KATHMANDU, Jan 18: Until two decades ago, Ram Kumari Shrestha, now 85, never imagined that she would have to face such a severe water crisis in her twilight years.
A quintessential Kathmanduite, Ram Kumari said whe she was young she never knew what water shortage would be like. "Water was not scrace at all," recalls she. "Besides, we also had wells and public taps in our neighborhood."
Ram Kumari is now more worried about the future. "As of now, we have somehow managed to get water," says she. "But, I worry for the coming generations. I fear the day when there will be not a drop to drink."
Dhoka Tole is one of the areas worst affected by water crisis in Kathmandu. The Kathmandu Upatyaka Khanepani Limited (KUKL), the sole authority responsible for distributing water in the valley, has listed Tahachal, Bafal, Kalanki and Ason as the worst affected areas.
According to Ram Kumari, with more houses built in her neighborhood, the same source of water had to be distributed among more households.
People queue for water at Mangalbazaar, Lalitpur. (Photo: Dipesh Shrestha/Files)
Ramila Maharjan, 35, who is also a resident of Ason, spends Rs 300 every week to buy bottled water in jars. In addition, she wakes up early every morning to fetch just a pail of water from an old stone spout. "I am suffering from leg cramps," says she. "But, I have to get water from the spout every morning."
Ramesh Maharjan, a resident of Dhoka Tole, says the mismanagement in distribution of water has added to the problem. "In our city, water shortage is rampant," says he. "But, we can minimize the problem by improving out distribution system. The KUKL has not addressed this issue."
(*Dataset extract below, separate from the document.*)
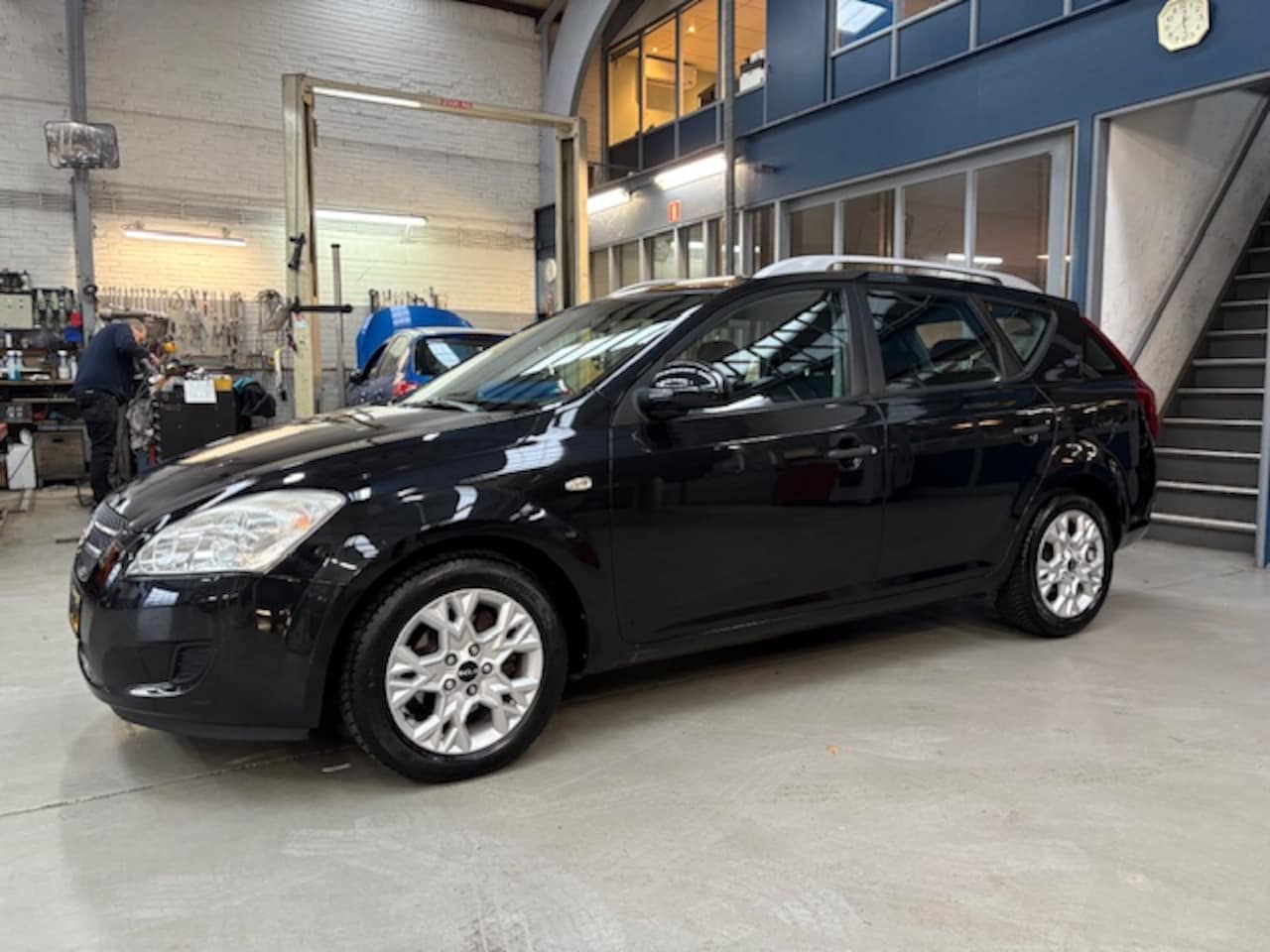Kia Cee'd - Cee D 1.6 126pk - AutoWereld.nl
In Bafal area of Kathmandu, the locals are now collectively digging a deep-bore well to tackle the water crisis. They have paid Rs 2,000 per household for the well. "We are facing multiple problems because of water crisis," says Pradip Khakurel, who runs an electronic shop in Bafal. "We are desperately looking for an end to the problem. Maybe, the answer lies in deep-bore well."
In the last 10 years, the population of the Kathmandu Valley has increased to 2.51 million from 1.7 million in 2001, according to the 2011 national census.
With sharp increase in population, the demand for water has also naturally gone up. But, the supply system remains the same, hence the deterioration of the problem.
Currently, the Kathmandu Valley needs 350 MLD (million liters per day) of water. But, even in rainy seasons, KUKL is able to supply only 149.62 MLD. And, during the dry season, the supply dwindles to just 90.59 MLD in the valley. Hours-long power outage also prevents KUKL from pumping sufficient ground water during dry season.
As KUKL supply remains erratic and unreliable, an increasing number of Valley residents are now dependent on the water supplied by private suppliers. Some families have not even installed the government tap.
As things stand now, even the much-delayed Melamchi Drinking Water Project will be unable to quench the thirst of Kathmanduites. Experts said that by the time Melamchi water starts coming to Kathmandu, demand here will have risen to much higher level than the supply so there will still be shortage.
Milan Kumar Shakya
Spokesperson, Kathmandu Upatyaka Khanepani Limited (KUKL)
What is KUKL planning to deal with water shortage?
Today, demand of water is very high. But, production of water is decreasing day to day. Load-shedding is one major obstacle in producing more water. Likewise, leakage is another serious problem. In Kathmandu, 40 per cent of the total collected water is wasted through leakages. People don´t have a feeling of sharing. Rather, they compete with each other to collect as much water as they can. By observing these problems, KUKL has been supplying water in shortage-hit areas by tankers. We are discussing other options to deal with this problem, too.
Has weak management on the part of KUKL also worsened water shortage?
Yes, of course. In the first place, we are unable to get sufficient water from our sources. And, we are also unable to supply available water properly. People have to develop some sense of cooperation and coordination to get rid of this crisis. Meanwhile, KUKL has launched a program called "Distribution Improvement" with the objective of maintaining or changing the old water pipes and fix leakage problems.
How long will people have to wait for water of Melamchi river?
Melamchi is only solution to the present water crisis in Kathmandu Valley. But, at this moment, I cannot say when this project will be completed. Last month, our whole team reached there to see its progress. But, we were disappointed at the slow progress made in Melamchi project. Melamchi´s contractor has stopped the construction work. Melamchi, without which the scarcity will not come to an end, is still far from us.
What are your further plans? Is there any good news for the residents of the valley?
As I said earlier, there are many upcoming plans, which will not completely solve the problem but at least reduce water crisis. Melamchi would be the good news for valley as it can only solve the entire problem.